-- STUDY MATERIAL follows --
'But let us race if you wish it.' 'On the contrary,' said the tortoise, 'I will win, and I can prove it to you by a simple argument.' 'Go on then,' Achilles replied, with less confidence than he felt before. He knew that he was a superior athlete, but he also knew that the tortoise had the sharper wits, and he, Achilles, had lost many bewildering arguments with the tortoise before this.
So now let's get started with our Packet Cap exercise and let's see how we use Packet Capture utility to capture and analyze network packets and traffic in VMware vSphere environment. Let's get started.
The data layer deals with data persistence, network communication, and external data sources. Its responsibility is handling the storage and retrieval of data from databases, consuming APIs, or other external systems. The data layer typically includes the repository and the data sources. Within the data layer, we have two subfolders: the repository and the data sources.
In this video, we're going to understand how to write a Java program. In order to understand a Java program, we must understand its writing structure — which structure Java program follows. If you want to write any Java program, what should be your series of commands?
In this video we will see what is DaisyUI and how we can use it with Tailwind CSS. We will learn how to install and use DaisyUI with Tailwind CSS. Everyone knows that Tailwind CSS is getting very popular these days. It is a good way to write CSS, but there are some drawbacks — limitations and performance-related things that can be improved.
-- STUDY MATERIAL concluded --
-- STUDY MATERIAL follows --
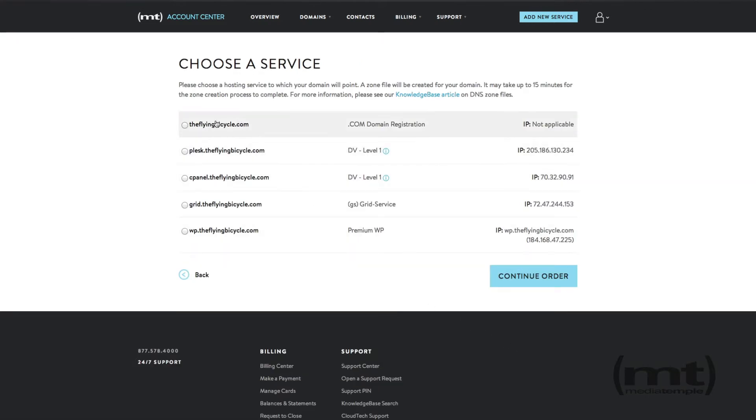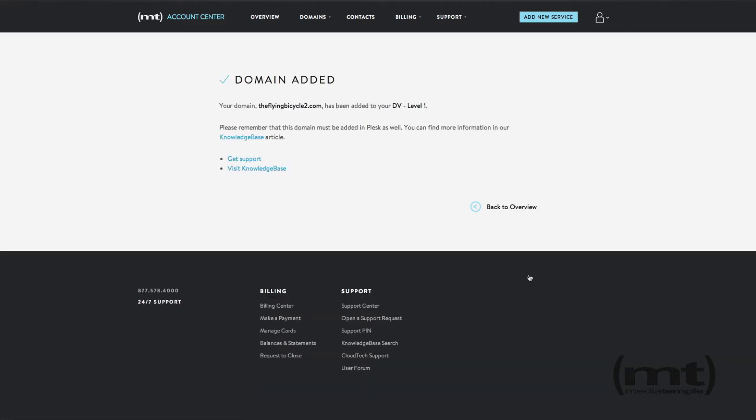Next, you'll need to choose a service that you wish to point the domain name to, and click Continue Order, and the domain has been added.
-- STUDY MATERIAL concluded --
-- STUDY MATERIAL follows --
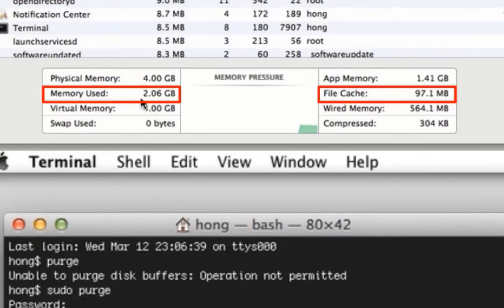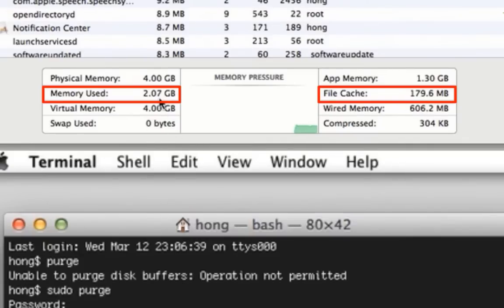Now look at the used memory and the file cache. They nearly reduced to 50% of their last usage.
-- STUDY MATERIAL concluded --
WHAT THE TASK ASKS> Restate word for word the lines in the material above from the one with "So now let's" to the one with "In this video we"; both of those lines count, and nothing else does.

RESULT OF THIS TASK>
So now let's get started with our Packet Cap exercise and let's see how we use Packet Capture utility to capture and analyze network packets and traffic in VMware vSphere environment. Let's get started.
The data layer deals with data persistence, network communication, and external data sources. Its responsibility is handling the storage and retrieval of data from databases, consuming APIs, or other external systems. The data layer typically includes the repository and the data sources. Within the data layer, we have two subfolders: the repository and the data sources.
In this video, we're going to understand how to write a Java program. In order to understand a Java program, we must understand its writing structure — which structure Java program follows. If you want to write any Java program, what should be your series of commands?
In this video we will see what is DaisyUI and how we can use it with Tailwind CSS. We will learn how to install and use DaisyUI with Tailwind CSS. Everyone knows that Tailwind CSS is getting very popular these days. It is a good way to write CSS, but there are some drawbacks — limitations and performance-related things that can be improved.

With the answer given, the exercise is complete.